I forgot to mention one point in my posting. I would better go as
point 5 but now it's 6:
6) Not all programming can be done as OO if it should be done in the
best structure for the human reader.
(Don't reply you program to be read by a machine. Then you should
program assembler or even better encode the bits by hand!)
There are 2 things related:
a) For imagination: Terms like function, procedure, relation are not
invented for the need of computers, they are adopted from natural and
scientific language.
b) To define functions (most of them) and relations there is a typical
way:
You assume 2 or more objects, combine them in a syntactical way and
now you define for this aggregation at least one more object,
computable from the objects started from.
The computation doesn't belong to any of the objects started from.
It belongs to the aggregation, to a syntactical production.
If it would belong to one of the objects started from, this object had
to know something about it's context -- bad OOP.
If it would belong to the resulting object, than lets think about the
eql-relation. The result is boolean. Now boolean had to know about all
the comparable objects. Hot air.
But the OO-paradigm requests the computation to be a method of one of
the objects. That is, where OO fails to serve what it should do.
OO realy needs a extention "back" to syntax-oriented programming and
anywhere else.
Here are some points which come from this lack of OO-paradigm:
Most OO-Languages still have operators. There usage hides this bad
construction.
The method-definition for operators are very fancy.

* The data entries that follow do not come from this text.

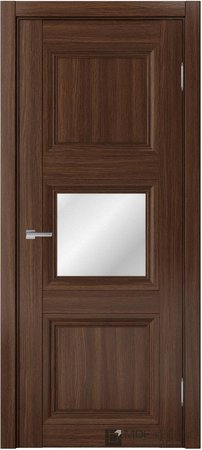 Входная дверь  - Межкомнатная дверь экошпон модель Доминика Классик 826 Орех вела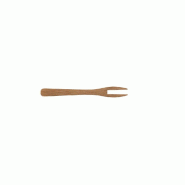Mini fourchette 2 dents bambou couleur naturelle 9cm - par 1000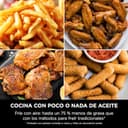 Ninja Double Stack XL Freidora de aire, 9,5 l, Doble cesta vertical, 4 niveles de cocción, 2 cestas y 2 rejillas, diseño para ahorrar más espacio, 6 funciones de cocción, 8 porciones, en gris, SL400EU - 14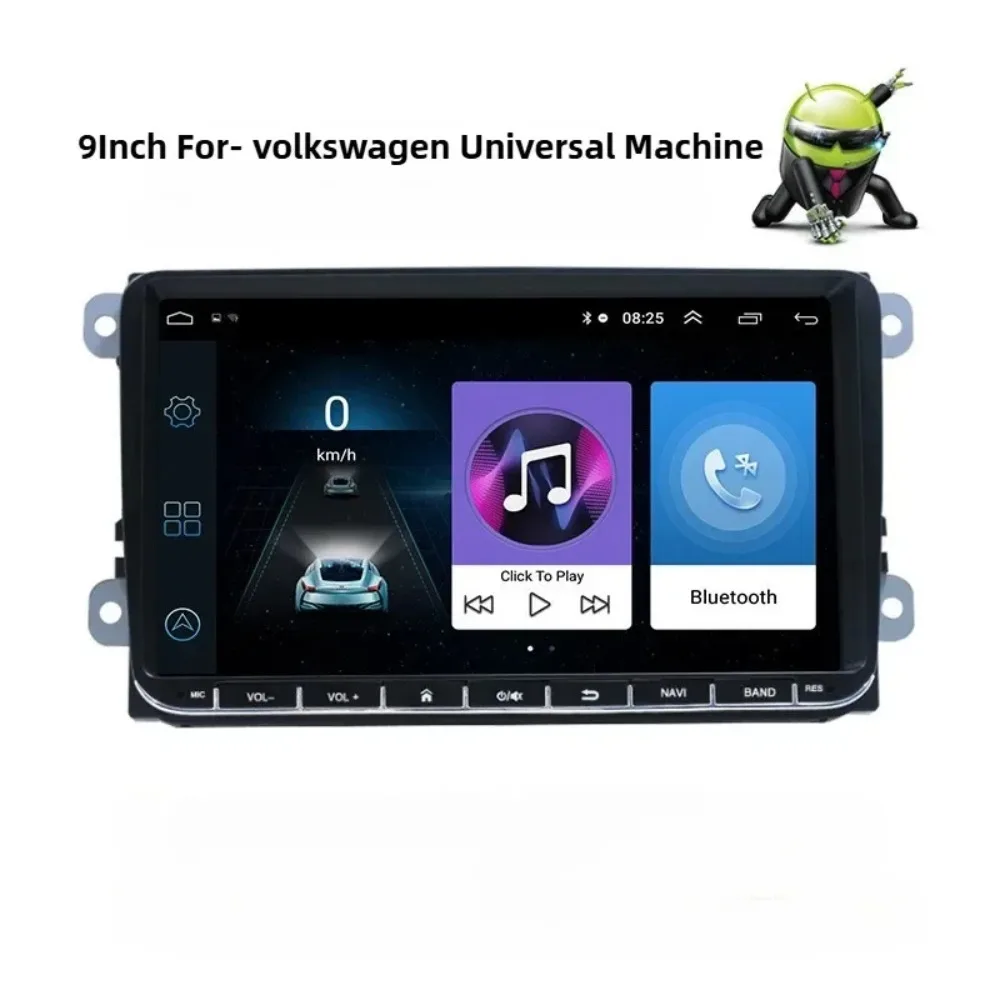Veclumin 9 Inch Car Bluetooth MP5 Player Android System GPS Navigation GPS/BT/USB/MP5  2+32G+carplay Parts for Volkswagen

(If there is somthing like "a+b": belongs the method called to
a or b? Ok, the language defines that. But which reason gives
the decision?)
Python gets flooded these day with magic __*__ functions for this
reason.
C++ (which doesn't force you to program good OO but gives you the
chance) carries mechanisms to break the OO-paradigm. Have a look in
the iostream-library. The "<<" operator for example is heavily use and
overloaded. But it's definition isn't a method.